Una sola e sempre la medesima parola, filìa, questa benevolenza reciproca, che fa in modo che tutti i galantuomini del mondo siano amici anche prima di conoscersi. Oggi siamo lontani anni luce con tutte le forme di razzismo, chiusura culturale a migranti, terzo e quarto mondo.

Conclusione
          Ho il piacere di potervi omaggiare di questo piccolo mio libricino dal titolo PERCHE’ LA VIOLENZA, disponibile anche in inglese sul mio sito. Questo scritto prende origine da una riflessione che ho voluto fare sulle profonde e complicate origini della violenza umana, la vera grande malattia dell’umanità della quale nessuno è mai venuto a capo. La lettura di tutte le paginette non prende più di un’ora, e io vi chiedo di dedicare questo tempo per una serena riflessione sul perché della violenza, di come si può analizzare e capire per poterne uscire.

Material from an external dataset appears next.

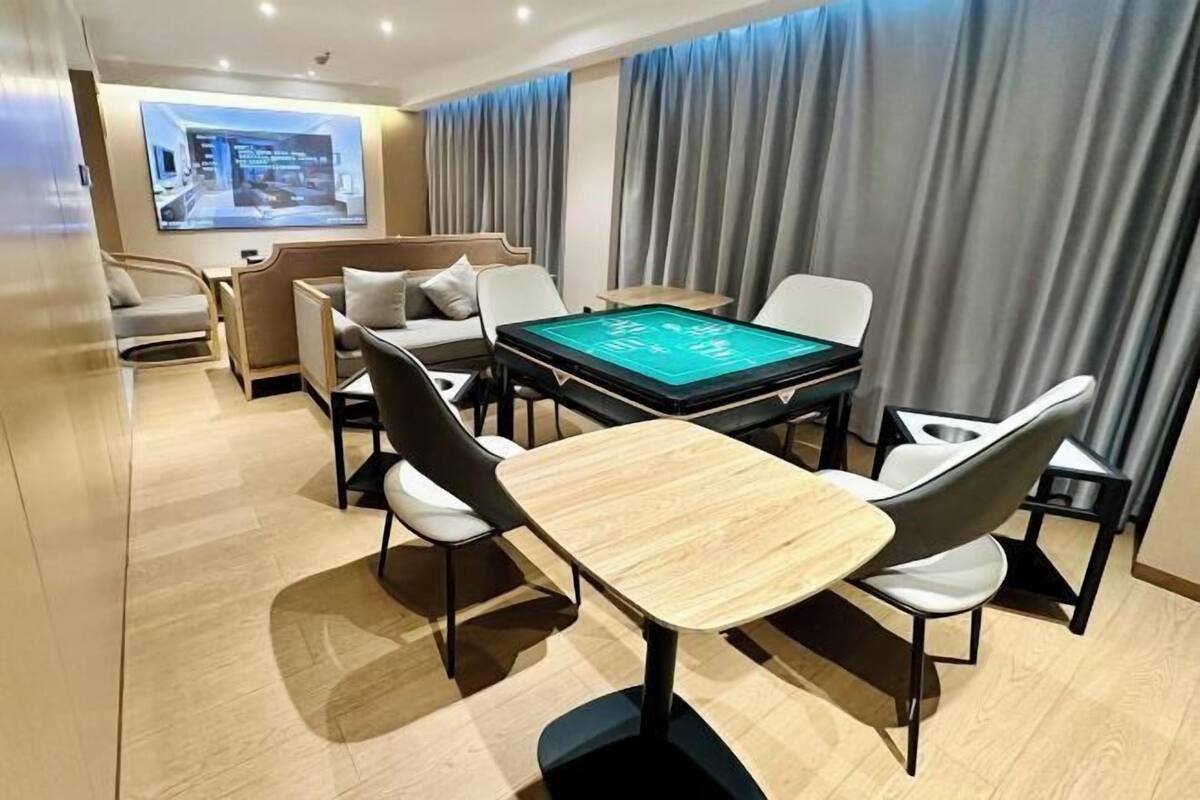 A modern hotel room with a pool table, comfortable seating, and a large screen displaying a cityscape.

Anche in questo scritto la figura di Pitagora emerge chiaramente dalle brume della storia e ammonisce che l’uscita dalla violenza è possibile se si guarda alla vita e ai suoi problemi con audacia e benevolenza: Pitagora iniziò la sua straordinaria avventura umana prendendo le difese di un cane bastonato.
Quello che ieri era impossibile oggi è diventato possibile con l’impegno, lo studio e l’impiego delle risorse necessarie: pensiamo al volo umano, uno dei grandi sogni dell’umanità, oggi finalmente realizzato.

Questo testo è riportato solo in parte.